C'è però un dato che va nella direzione opposta: contro Vukić ha portato a termine due ore e sedici minuti senza problemi fisici. Il corpo ha retto. È il ritmo di gioco a non essere ancora tornato.

Un ace in tutta la partita, e la vittoria lo stesso

Mejía, entrato dalle qualificazioni, ha battuto Martín Landaluce 4-6, 6-4, 6-3 in una giornata spezzata dalla pioggia, diventando il sesto colombiano a vincere una partita nel main draw di un Masters 1000. Il profilo statistico di quella vittoria dice quasi tutto su come gioca.

Un ace. Uno solo, contro i sei dello spagnolo. Il 54% di prime in campo. E il 51% dei punti totali, cioè il margine minimo con cui si può vincere una partita di tennis. Il dettaglio più eloquente sta nelle palle break: Landaluce ne ha convertite il 60%, Mejía il 25%. Il colombiano ha sprecato più occasioni dell'avversario e ha vinto comunque, perché ne ha create molte di più.
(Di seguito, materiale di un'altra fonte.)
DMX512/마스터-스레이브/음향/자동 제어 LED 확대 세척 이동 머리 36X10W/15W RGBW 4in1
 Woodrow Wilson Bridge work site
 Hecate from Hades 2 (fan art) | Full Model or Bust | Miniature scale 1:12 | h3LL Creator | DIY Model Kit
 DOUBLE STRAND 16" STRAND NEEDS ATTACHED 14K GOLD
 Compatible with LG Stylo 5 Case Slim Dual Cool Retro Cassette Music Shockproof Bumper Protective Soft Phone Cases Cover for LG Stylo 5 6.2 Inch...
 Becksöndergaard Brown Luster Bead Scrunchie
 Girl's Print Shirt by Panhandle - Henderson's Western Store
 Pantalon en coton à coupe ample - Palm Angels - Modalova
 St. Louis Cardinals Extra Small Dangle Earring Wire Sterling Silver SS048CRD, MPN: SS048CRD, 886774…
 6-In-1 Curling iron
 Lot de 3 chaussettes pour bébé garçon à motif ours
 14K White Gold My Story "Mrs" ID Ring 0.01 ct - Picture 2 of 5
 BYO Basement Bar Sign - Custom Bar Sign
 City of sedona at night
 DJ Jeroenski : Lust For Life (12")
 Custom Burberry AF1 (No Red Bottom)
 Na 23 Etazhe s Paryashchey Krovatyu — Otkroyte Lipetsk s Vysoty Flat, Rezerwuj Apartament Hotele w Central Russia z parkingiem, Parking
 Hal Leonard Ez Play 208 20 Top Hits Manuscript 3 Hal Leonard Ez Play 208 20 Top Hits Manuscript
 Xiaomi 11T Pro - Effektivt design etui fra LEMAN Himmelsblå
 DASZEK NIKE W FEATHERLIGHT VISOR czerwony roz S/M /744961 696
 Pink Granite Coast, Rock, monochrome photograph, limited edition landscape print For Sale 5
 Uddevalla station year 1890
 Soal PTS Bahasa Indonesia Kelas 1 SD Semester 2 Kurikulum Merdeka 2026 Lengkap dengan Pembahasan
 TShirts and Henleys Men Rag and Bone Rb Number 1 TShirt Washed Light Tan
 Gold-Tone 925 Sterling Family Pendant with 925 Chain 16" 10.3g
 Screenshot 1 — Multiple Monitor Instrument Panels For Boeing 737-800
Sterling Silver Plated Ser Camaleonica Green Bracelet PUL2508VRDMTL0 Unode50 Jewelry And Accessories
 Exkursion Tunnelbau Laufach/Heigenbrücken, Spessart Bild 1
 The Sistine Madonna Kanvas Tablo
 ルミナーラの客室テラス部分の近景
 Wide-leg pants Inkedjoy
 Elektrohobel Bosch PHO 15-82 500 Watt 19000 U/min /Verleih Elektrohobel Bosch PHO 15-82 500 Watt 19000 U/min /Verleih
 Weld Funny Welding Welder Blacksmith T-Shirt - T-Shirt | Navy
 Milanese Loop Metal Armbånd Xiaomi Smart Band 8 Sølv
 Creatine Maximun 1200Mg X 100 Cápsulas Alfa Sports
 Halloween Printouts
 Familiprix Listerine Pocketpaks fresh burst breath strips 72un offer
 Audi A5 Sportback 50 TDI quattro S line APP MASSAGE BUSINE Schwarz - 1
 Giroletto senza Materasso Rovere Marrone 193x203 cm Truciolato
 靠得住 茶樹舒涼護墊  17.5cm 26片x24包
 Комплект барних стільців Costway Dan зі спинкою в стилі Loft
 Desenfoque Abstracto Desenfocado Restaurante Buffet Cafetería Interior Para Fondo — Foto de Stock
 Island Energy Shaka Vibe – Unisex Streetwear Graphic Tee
Questo è un giocatore che non chiude, accumula. Non ha un colpo che gli regali punti gratis, quindi costruisce vantaggi statistici lunghi: tenere lo scambio, restituire profondo, aspettare l'errore. Sul 4-0 del terzo set ha subito il rientro di Landaluce fino al 4-3 e ha ribreakkato subito. Ventisei anni, nuovo best ranking, titolo Challenger a Bogotá e secondo turno a Wimbledon: la maturazione non è un caso.

Lo snodo: la percentuale di prime di Musetti

Contro un avversario di questo tipo, il numero da guardare è uno solo. Se Musetti sta sopra il 60% di prime, la partita finisce in due set e finisce presto, perché Mejía non ha la potenza per fargli male sul primo colpo e sul cemento dell'IGA Stadium il servizio dell'italiano vale molto più che sulla terra.

Se scende verso il 45%, come contro Jódar, Mejía ottiene la partita che sa giocare: scambi lunghi, seconde da attaccare, terzo set. E in un terzo set contro un giocatore che ha disputato tre partite in due mesi e mezzo, il divario di classifica pesa molto meno di quanto suggerisca.

Musetti resta favorito, e in due set. Il pronostico salta se la partita arriva al terzo con l'italiano sotto il 50% di prime: da lì in avanti Mejía diventa un coin flip. Il primo set, a Washington, non ha mai voluto dire niente. Il segnale vero è quanti minuti dura il secondo.